Zettelkasten Forum


What are you working on? December 29, 2022

edited December 2022 in Your Current Projects

What I'm Working On

14 New Zettel in the Last 7 Days.

I whipped up this short dashboard practicing my python skills and thought I'd share it with you. I use something similar for reviewing note titles and summaries. Something I want to concentrate on more.

Titles and a one-sentence summary of atomic zettel. These are the ideas I'm currently wrestling with. They represent a 7-day window of new notes.

This is generated with nothing held back. I would love to talk to you about anything on this list. If any of this is of interest to you, please start a thread here, DM me, or get in touch via email.


Hanlon's Razor
- Credit misunderstanding ahead of malice when interactions are contentious.

Occam's Razor
- Simpler explanations are more likely to be true than complicated ones.

Probabilistic Thinking
- This note is in a rough draft stage

Necessity and Sufficiencies Interaction
- A thing might be necessary but not sufficient for activation.

Second-Order Thinking
- This note is in a rough draft stage

textwrap, pprint, tempfile, webbrowser standard python modules
- Python Coding

How to Use ChatGPT and Still Be a Good Person
- AI and GPT ethics.

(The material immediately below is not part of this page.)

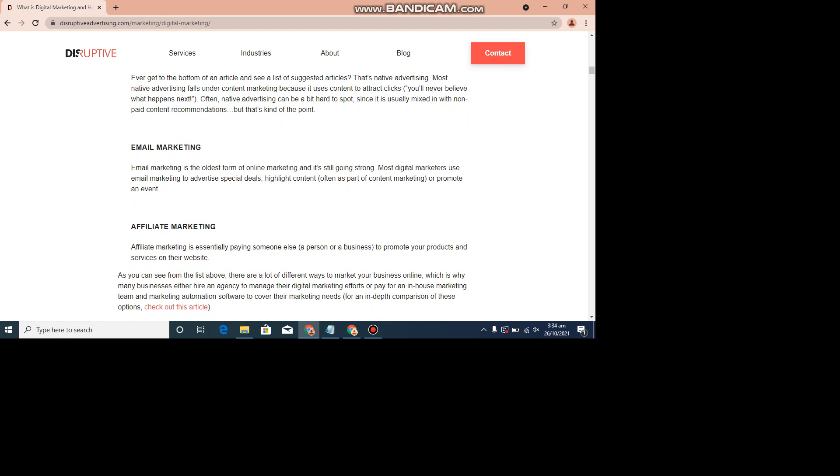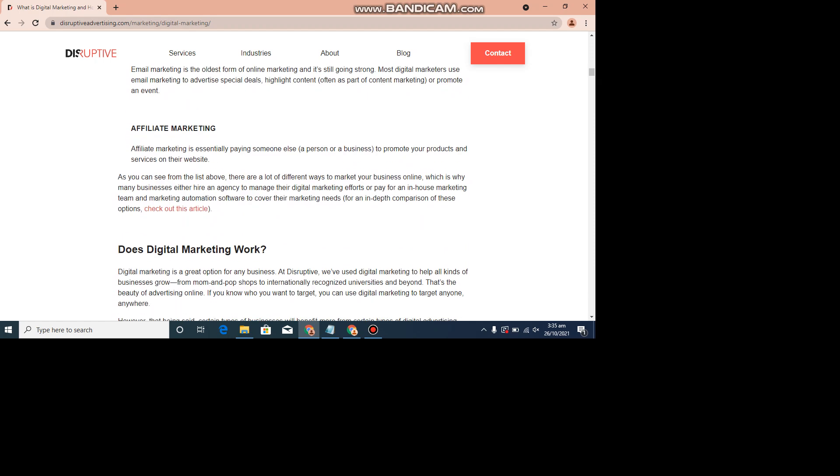Email Marketing. Email marketing is the oldest form of online marketing. It's still going strong. Most digital marketers use email marketing to advertise specialties, highlight content, often as part of content marketing, or promote an event.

Since we’re sprinting into an era where bullshit is easier to produce than ever, you might like to put more oomph into fact-checking from now on.

Git log commands
- Basic git help

ChatGPT empowers professionals
- AI works best at enabling professionals, not replacing them, allowing "professionals to be directors of their work."

Role specialization can breed dependence
- Until now, specialization has led to advances in the social-political-economic sphere. Going forward, it is a question.

GPT Prompts and their importance
- Developing skills at prompting GPT will be what separates the knowledge elites from the masses.

Some lists are better represented as grids
- Some projects and events are better served by being mapped on a grid.

AI will sharpen an elite intellectual class
- The far-flung idea is that those with mediocre thinking skills will look to those with exceptionally developed thinking abilities as an antidote to the prevalence of GPT.

Alternatives to - How are you?
- List of conversation starters used as prompts.

Will Simpson
I must keep doing my best even though I'm a failure. My peak cognition is behind me. One day soon I will read my last book, write my last note, eat my last meal, and kiss my sweetie for the last time.
kestrelcreek.com

Comments

  • edited December 2022

    @Will said: ChatGPT empowers professionals

    The following remark should not be construed to mean its directed towards forumites.

    Perhaps these wizards, educated beyond their intellect, only know how to push buttons on such a machine without ever intimately understanding its inner workings. The implications ought to give us pause.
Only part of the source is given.